Генетический код русского человека на 50 % состоит из страха. Если говорить про 30-е годы, то там понятно: рот открыл – и тебя мгновенно расстреливали. Сейчас же нет такого риска как раньше, но есть генетический страх, начиная от Ивана Грозного, Петра Первого, монголов… Хотя власть изображает вполне решительную возможность репрессий. Это может быть точечно, показательно, все это пока детский сад, но тем не менее очень работает.

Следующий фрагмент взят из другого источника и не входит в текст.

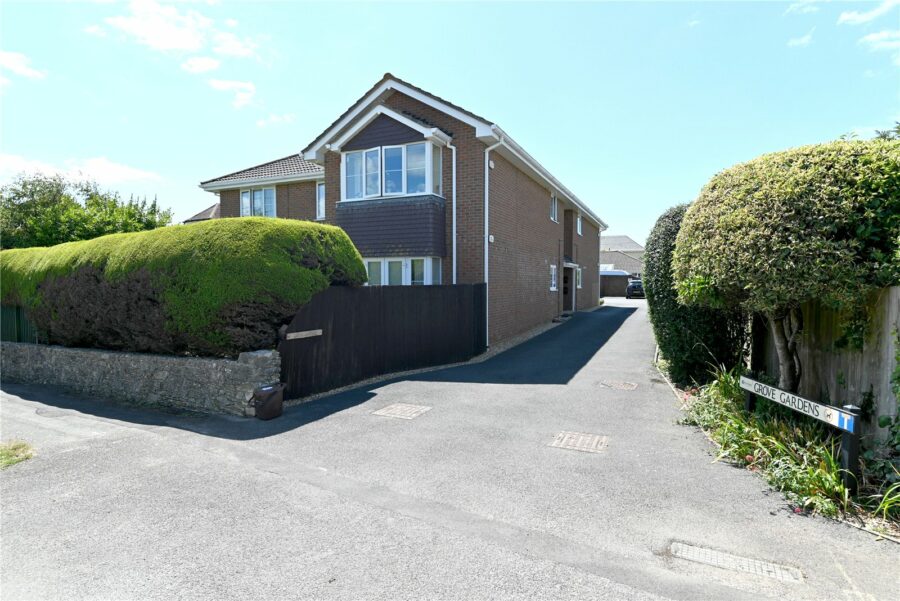 Grove Gardens, Barton on Sea, New Milton, Hampshire, BH25 7HJ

Ответственность за происходящее лежит на интеллектуальной элите. Правящую элиту понять можно, она отстаивает свои личные интересы. А русский народ как больной ребенок. Высшая степень цинизма – это пропагандисты, которые зарабатывают деньги тем, что делают идиотами всю живую массу. При этом мыслями и сердцами живут где-то «там». Можно простить страх, но не продажность. Нет мужества сказать, как есть – смелых людей мало. Но доказывать с пеной у рта за деньги, отстаивая эту рабскую, полукрепостную модель существования – это простить нельзя. Выход из этого, как и всегда, за пределами рационального – когда Господь увидит: «Хорошо, ребята, вас испытывать больше смысла нет». Наверно, какие-то процессы выздоровления идут.
Я верю в предопределенность, но в этом сценарии человек участвует серьезным образом. Вроде он написан, но внутри этого сценария человеку дано развиваться и импровизировать. Это большая тайна. Чувствуется, что какие-то вещи прописаны, но на самом деле – это все наши эмоции. Ощущение того, что я так и знал, так и чувствовал. Человек – серьезная боевая единица внутри этого божественного промысла. Иначе бы Бог бесконечно вмешивался, ощутимо, зримо, и довольно легко сделал бы золотую клетку, внутри которой все были бы хорошие и обнимались. Но ему интересно, чтобы человек прошел через все эти испытания, рост и пришел к своему натуральному состоянию величия. А не так называемому состоянию до падения в раю. Это же некоторая мифология, которая показывает, что было некое продвинутое состояние, а теперь мы растем. Условно, как ребенок, человек сначала стоит в манежике, потом его выпускают. Понятно, что он звезданется об угол, но все равно, не будешь же его держать в вольере. Вот так и человека выпустили из вольера, где у него все было: игрушки, еда – и теперь он периодически сшибает углы, падает, кого-то убивает, но движется дальше.
Есть некий рубеж, куда человечество движется со всеми своими ошибками. Эта цель, некое движение, она пронизывает лучами всю историю человечества. Некий свет: где-то плохо проходит, где-то хорошо, а где-то сияет. Потом исчезает, но все равно пробьет. То темно, то светло, но все равно он движется.